A ocorrência do massacre de Suzano, em 13 de março, na Escola Estadual Professor Raul Brasil, reacendeu o debate sobre videogames, violência, sua possível correlação com a motivação dos atiradores em mass shootings e a sua influência no comportamento dos adolescentes consumidores de jogos violentos.

Videogames são jogados por mais de 90% de jovens americanos entre 13 e 17 anos, 84% afirmando ter um console dedicado exclusivamente para gaming. [1] Considerando que estatísticas parecidas sobre a popularidade de videogames se repetem em outros países, entende-se a preocupação – e até mesmo a histeria – sobre possíveis efeitos negativos em torno da atividade. Os benefícios cognitivos e sociais ao se jogar videogame já são  reconhecidos [2], assim como sua importância enquanto mídia e como meio de expressão artística, estando suscetível à proteção constitucional. No entanto, as opiniões negativas sobre videogames se baseiam no suposto efeito comportamental em jovens, que alimentaria agressividade e influenciaria inclusive atentados em massa, exigindo assim que haja maior regulação e até mesmo censura em jogos que retratem comportamentos antissociais.
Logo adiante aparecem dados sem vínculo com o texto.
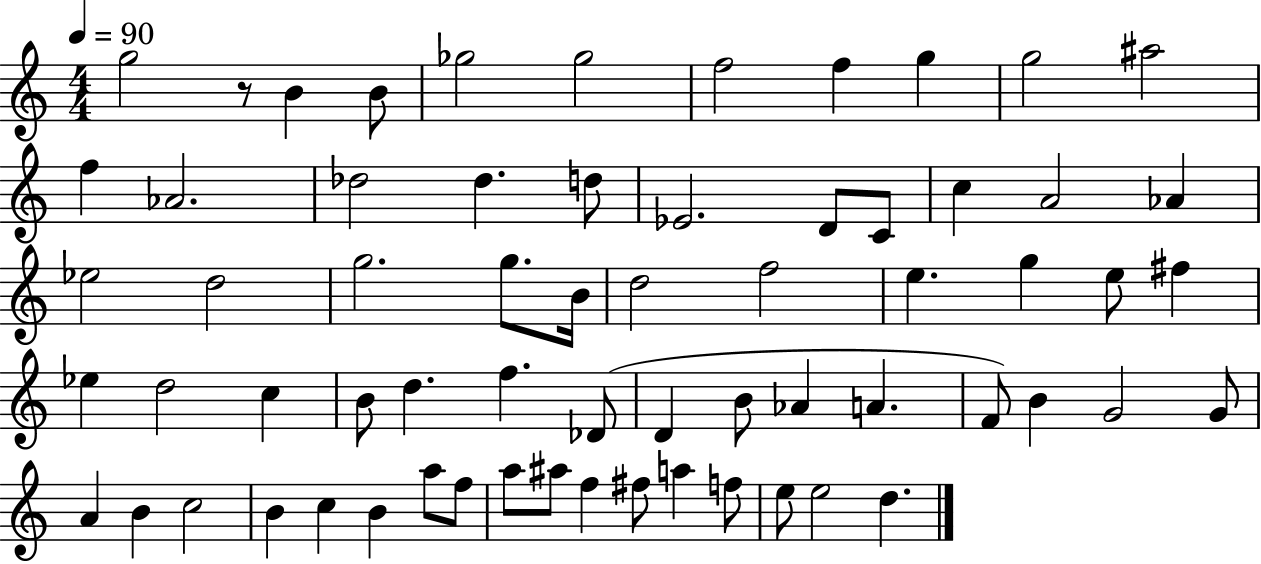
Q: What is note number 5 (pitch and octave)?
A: Gb5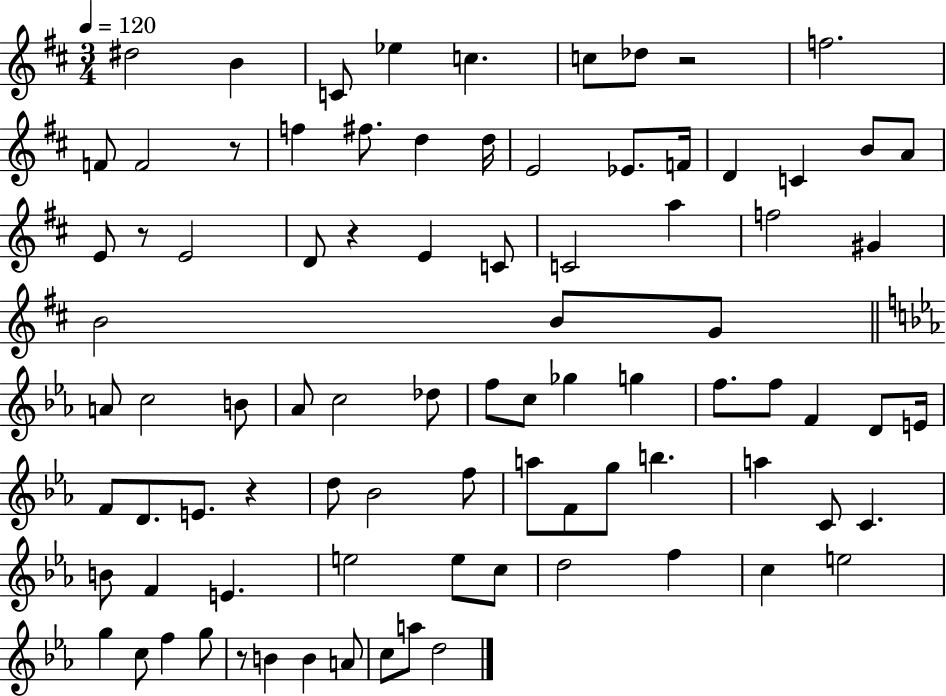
D#5/h B4/q C4/e Eb5/q C5/q. C5/e Db5/e R/h F5/h. F4/e F4/h R/e F5/q F#5/e. D5/q D5/s E4/h Eb4/e. F4/s D4/q C4/q B4/e A4/e E4/e R/e E4/h D4/e R/q E4/q C4/e C4/h A5/q F5/h G#4/q B4/h B4/e G4/e A4/e C5/h B4/e Ab4/e C5/h Db5/e F5/e C5/e Gb5/q G5/q F5/e. F5/e F4/q D4/e E4/s F4/e D4/e. E4/e. R/q D5/e Bb4/h F5/e A5/e F4/e G5/e B5/q. A5/q C4/e C4/q. B4/e F4/q E4/q. E5/h E5/e C5/e D5/h F5/q C5/q E5/h G5/q C5/e F5/q G5/e R/e B4/q B4/q A4/e C5/e A5/e D5/h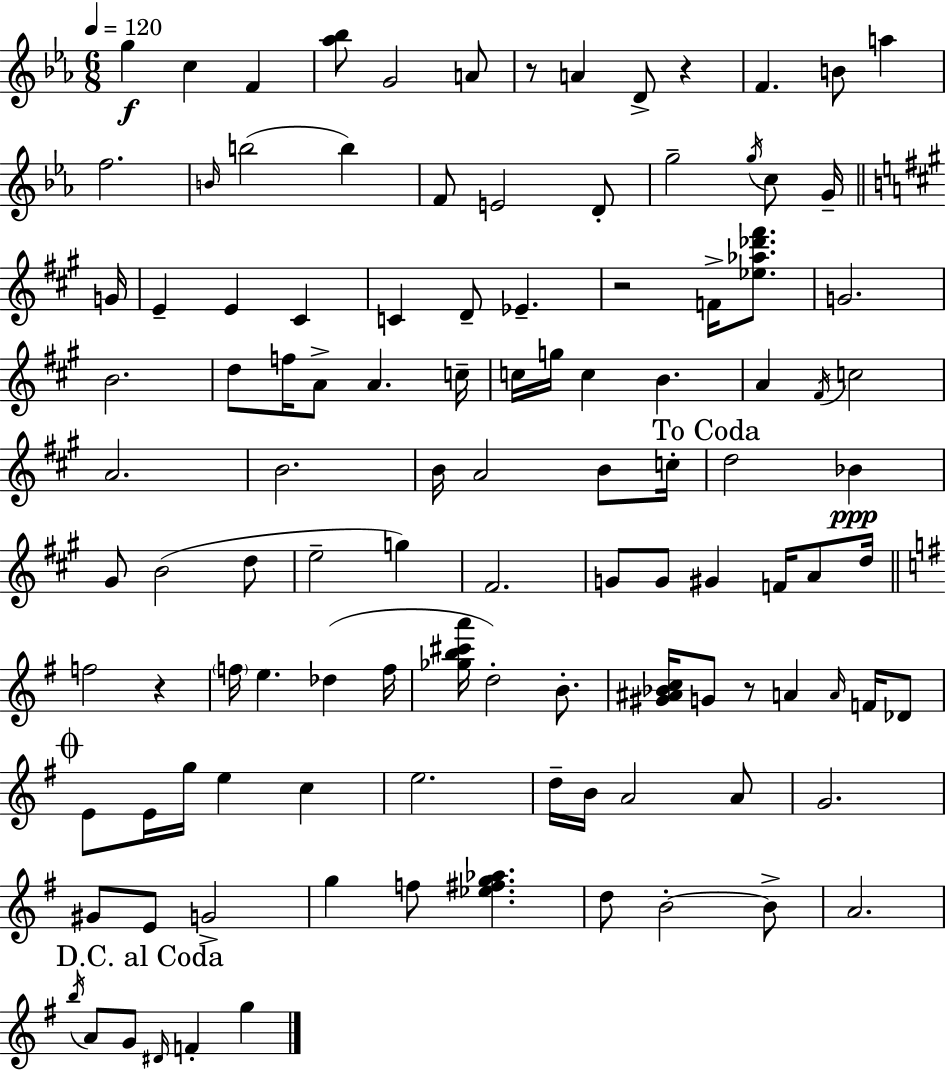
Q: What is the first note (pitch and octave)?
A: G5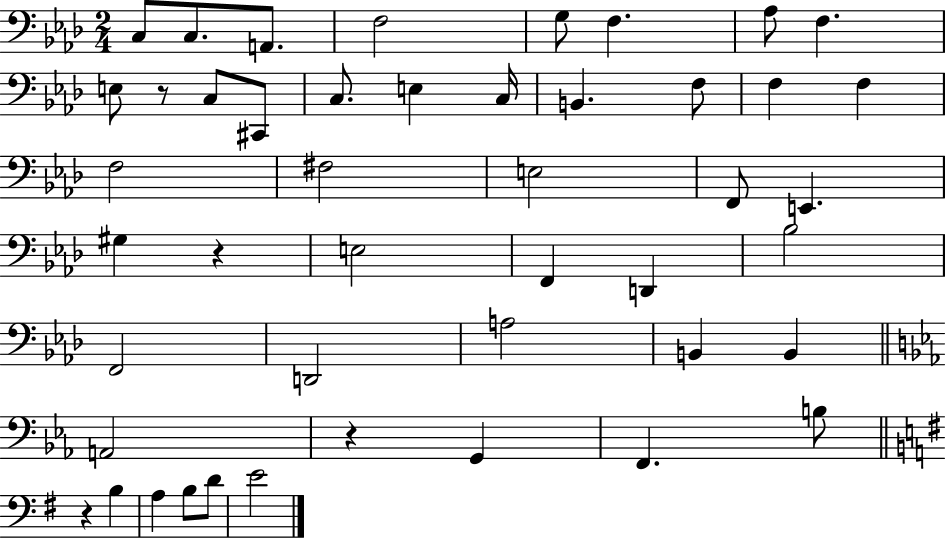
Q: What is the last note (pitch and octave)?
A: E4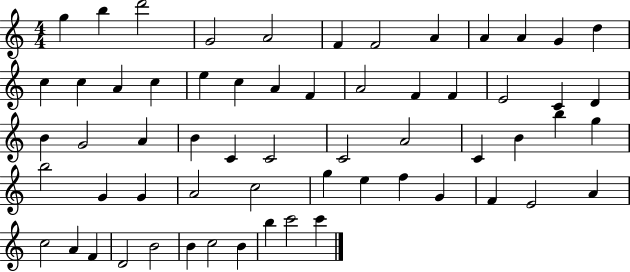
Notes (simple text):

G5/q B5/q D6/h G4/h A4/h F4/q F4/h A4/q A4/q A4/q G4/q D5/q C5/q C5/q A4/q C5/q E5/q C5/q A4/q F4/q A4/h F4/q F4/q E4/h C4/q D4/q B4/q G4/h A4/q B4/q C4/q C4/h C4/h A4/h C4/q B4/q B5/q G5/q B5/h G4/q G4/q A4/h C5/h G5/q E5/q F5/q G4/q F4/q E4/h A4/q C5/h A4/q F4/q D4/h B4/h B4/q C5/h B4/q B5/q C6/h C6/q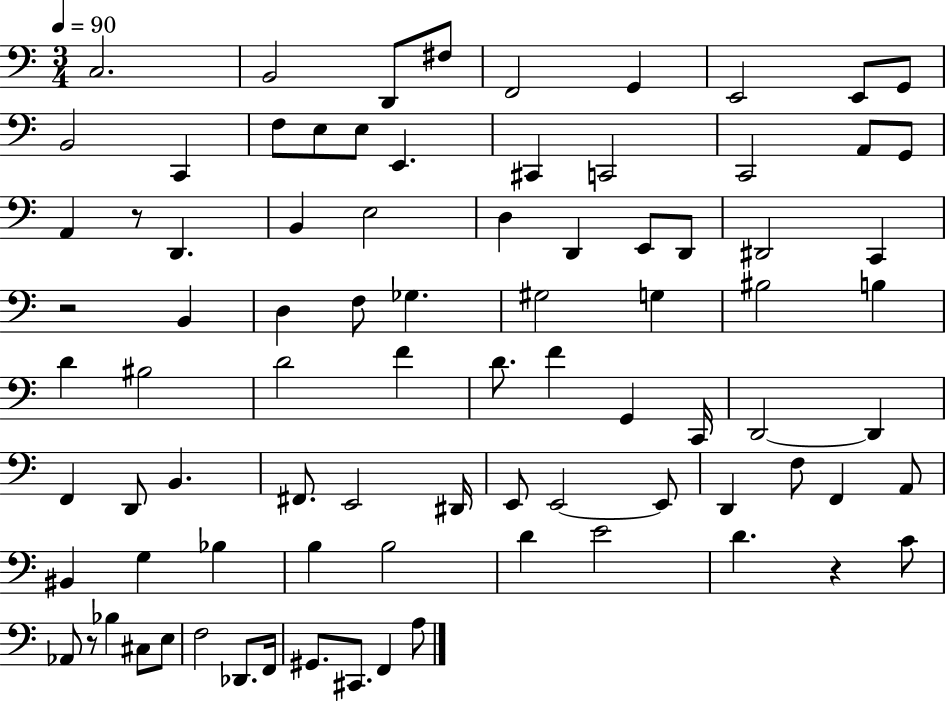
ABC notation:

X:1
T:Untitled
M:3/4
L:1/4
K:C
C,2 B,,2 D,,/2 ^F,/2 F,,2 G,, E,,2 E,,/2 G,,/2 B,,2 C,, F,/2 E,/2 E,/2 E,, ^C,, C,,2 C,,2 A,,/2 G,,/2 A,, z/2 D,, B,, E,2 D, D,, E,,/2 D,,/2 ^D,,2 C,, z2 B,, D, F,/2 _G, ^G,2 G, ^B,2 B, D ^B,2 D2 F D/2 F G,, C,,/4 D,,2 D,, F,, D,,/2 B,, ^F,,/2 E,,2 ^D,,/4 E,,/2 E,,2 E,,/2 D,, F,/2 F,, A,,/2 ^B,, G, _B, B, B,2 D E2 D z C/2 _A,,/2 z/2 _B, ^C,/2 E,/2 F,2 _D,,/2 F,,/4 ^G,,/2 ^C,,/2 F,, A,/2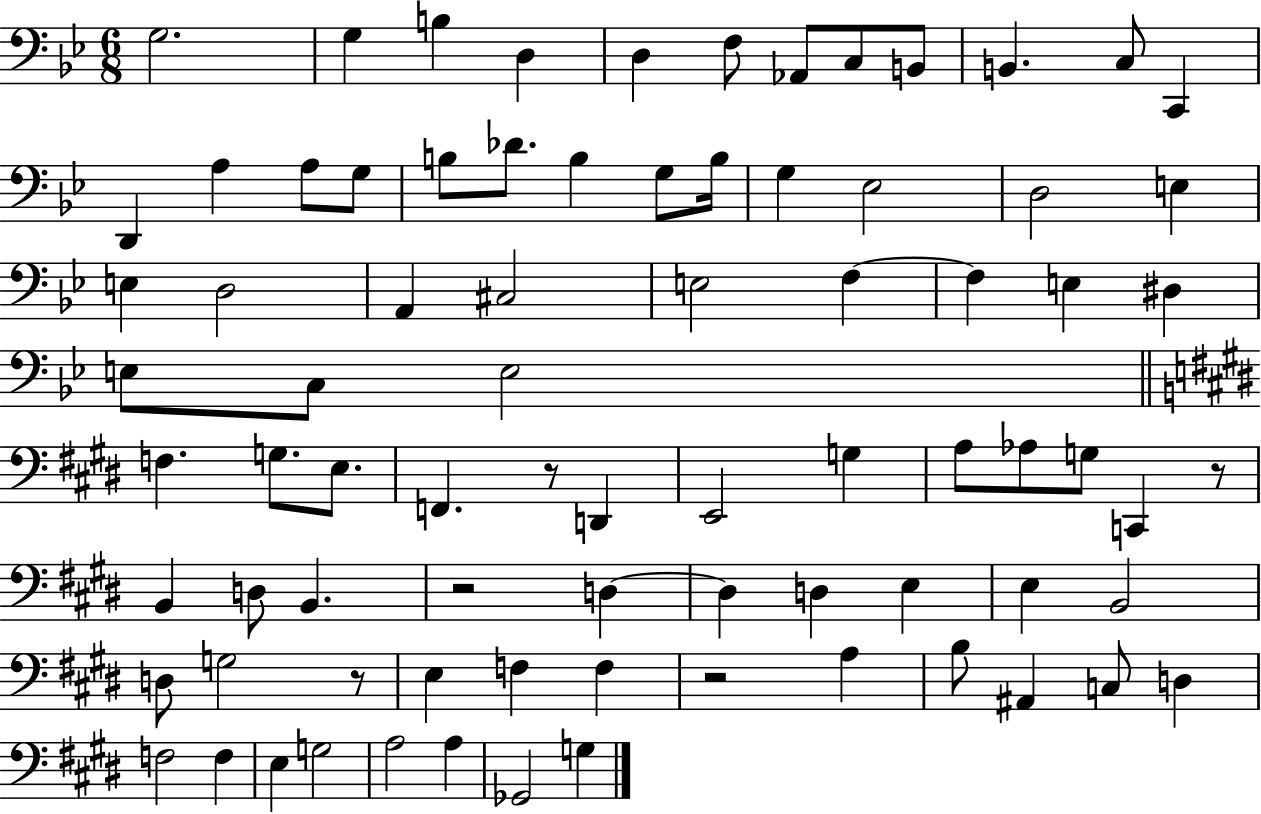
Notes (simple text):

G3/h. G3/q B3/q D3/q D3/q F3/e Ab2/e C3/e B2/e B2/q. C3/e C2/q D2/q A3/q A3/e G3/e B3/e Db4/e. B3/q G3/e B3/s G3/q Eb3/h D3/h E3/q E3/q D3/h A2/q C#3/h E3/h F3/q F3/q E3/q D#3/q E3/e C3/e E3/h F3/q. G3/e. E3/e. F2/q. R/e D2/q E2/h G3/q A3/e Ab3/e G3/e C2/q R/e B2/q D3/e B2/q. R/h D3/q D3/q D3/q E3/q E3/q B2/h D3/e G3/h R/e E3/q F3/q F3/q R/h A3/q B3/e A#2/q C3/e D3/q F3/h F3/q E3/q G3/h A3/h A3/q Gb2/h G3/q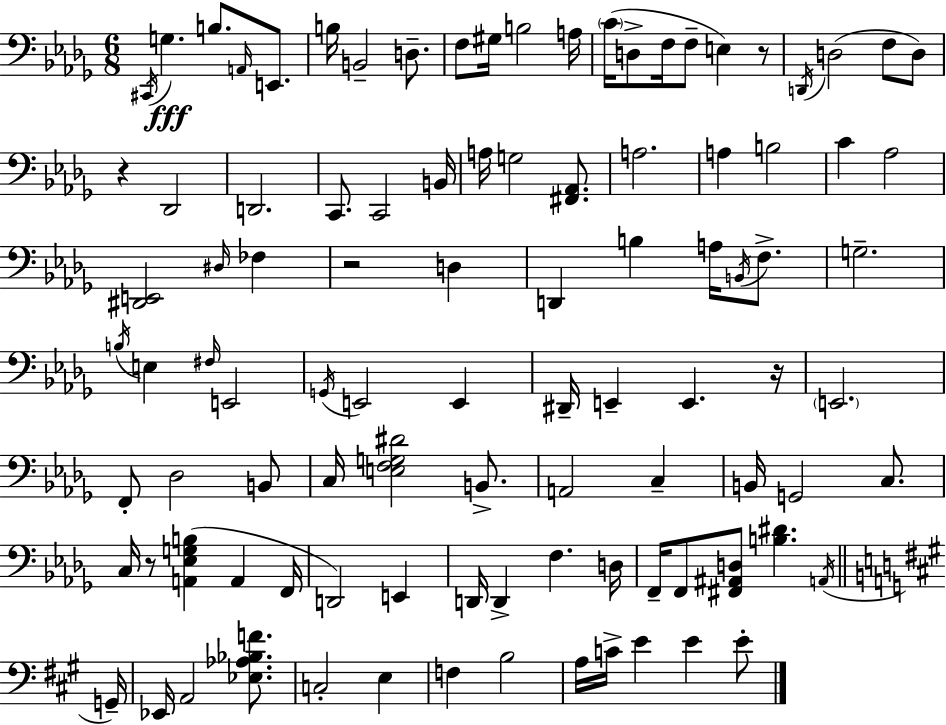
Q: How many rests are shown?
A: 5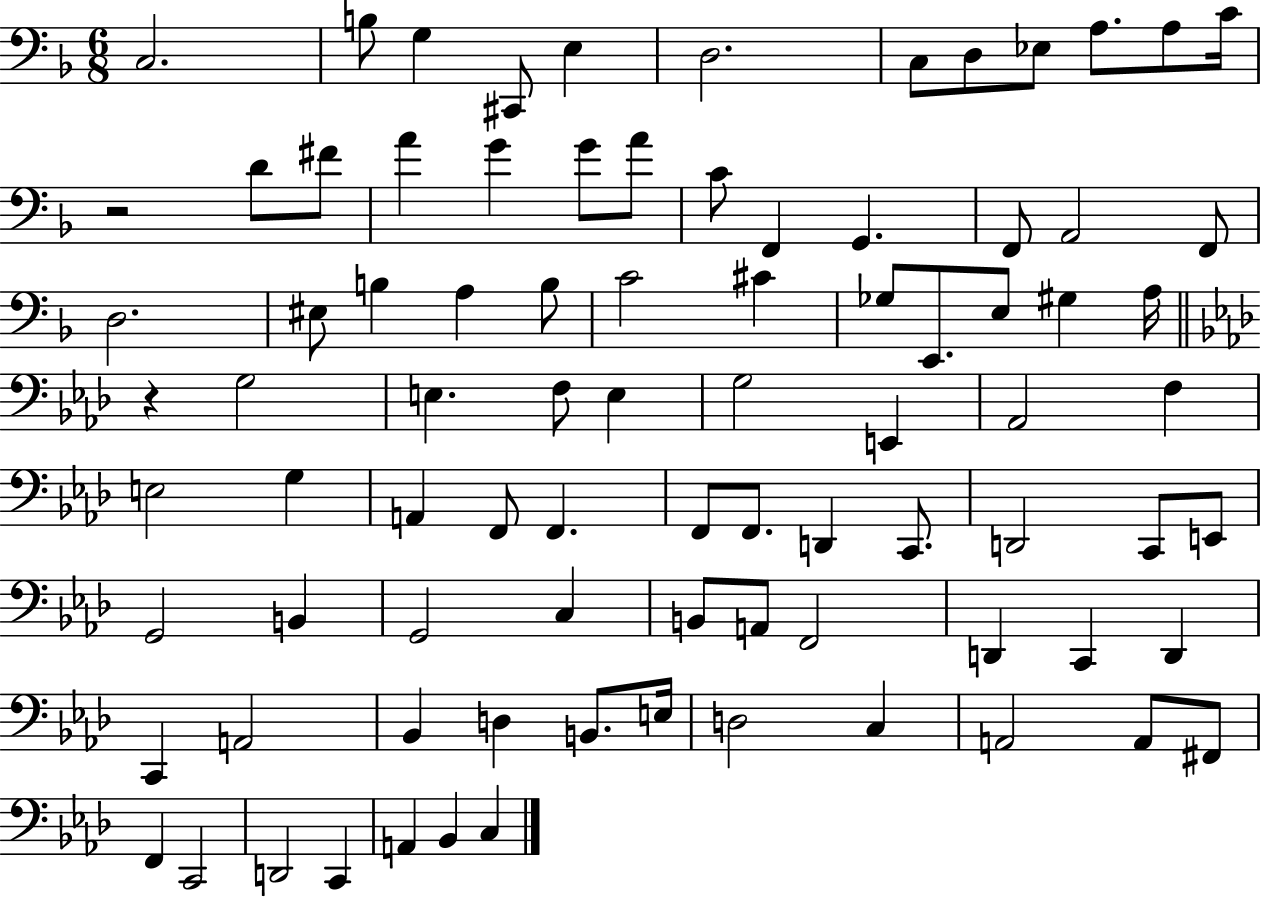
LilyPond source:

{
  \clef bass
  \numericTimeSignature
  \time 6/8
  \key f \major
  c2. | b8 g4 cis,8 e4 | d2. | c8 d8 ees8 a8. a8 c'16 | \break r2 d'8 fis'8 | a'4 g'4 g'8 a'8 | c'8 f,4 g,4. | f,8 a,2 f,8 | \break d2. | eis8 b4 a4 b8 | c'2 cis'4 | ges8 e,8. e8 gis4 a16 | \break \bar "||" \break \key f \minor r4 g2 | e4. f8 e4 | g2 e,4 | aes,2 f4 | \break e2 g4 | a,4 f,8 f,4. | f,8 f,8. d,4 c,8. | d,2 c,8 e,8 | \break g,2 b,4 | g,2 c4 | b,8 a,8 f,2 | d,4 c,4 d,4 | \break c,4 a,2 | bes,4 d4 b,8. e16 | d2 c4 | a,2 a,8 fis,8 | \break f,4 c,2 | d,2 c,4 | a,4 bes,4 c4 | \bar "|."
}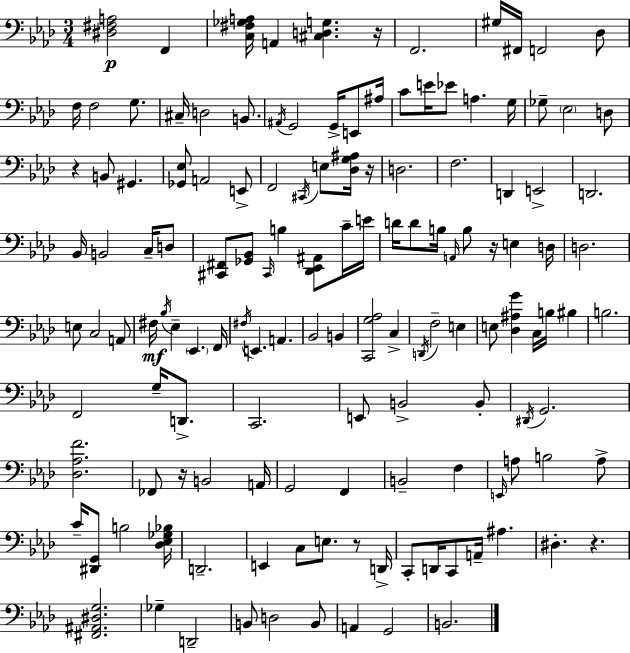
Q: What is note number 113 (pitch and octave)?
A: D3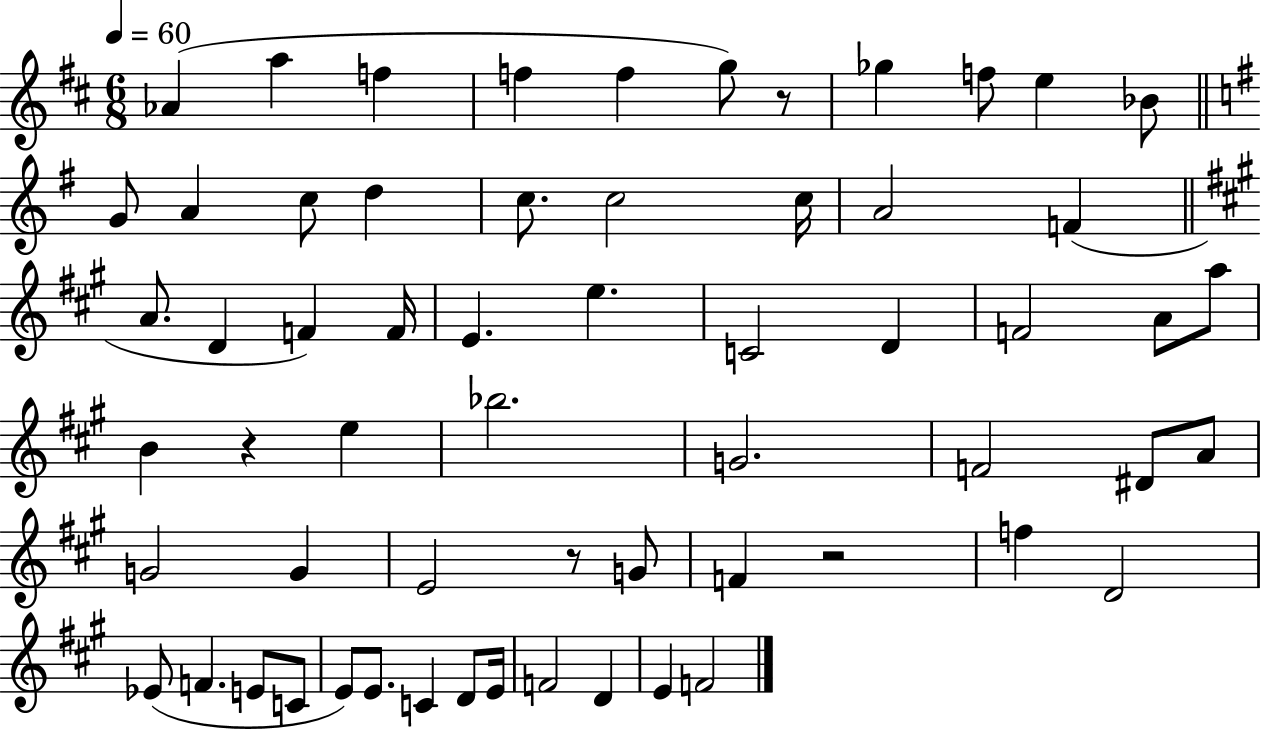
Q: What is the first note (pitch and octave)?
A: Ab4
Com o avanço tecnológico, representações de violência se tornaram mais realistas e imersivas, levando à hipótese de que jovens em processo de formação seriam facilmente influenciados na medida em que suas atitudes in-game vazariam para a “vida real” e, portanto, os tornariam agressivos e propensos a atitudes violentas. Incidentes como o massacre de Columbine e uma suposta predileção dos atiradores pelo jogo de tiro em primeira pessoa Doom ajudaram a cimentar essa crença no imaginário popular, apesar de tal relação ainda ser tópico de debates na comunidade científica.

O framework de estudo mais utilizado pelos pesquisadores da área para análise da relação entre o consumo de videogames violentos e o comportamento de adolescentes é o chamado general aggression model (GAM), que propõe a ideia de que, ao jogar um jogo violento, um “modelo” cognitivo de comportamento igualmente violento pode ser criado. [3] Caso o jogador se encontre em uma situação hostil, tal modo de agir violento seria mais facilmente ativado em decorrência da exposição prévia à violência simulada, justificando assim regulação rigorosa. No entanto, outras análises vêm encontrando falhas no GAM, que não leva em conta, por exemplo, fatores como “indivíduos violentos têm predileção por mídias violentas”. Existe, ainda, a questão do viés de publicação, que, quando é retirado da equação, revela que a relação jogos-violência é menor do que constatada pela maioria dos estudos, e que até mesmo aqueles que seguem melhores práticas de pesquisa mostraram ser bastante afetados [4] e com resultados inflados.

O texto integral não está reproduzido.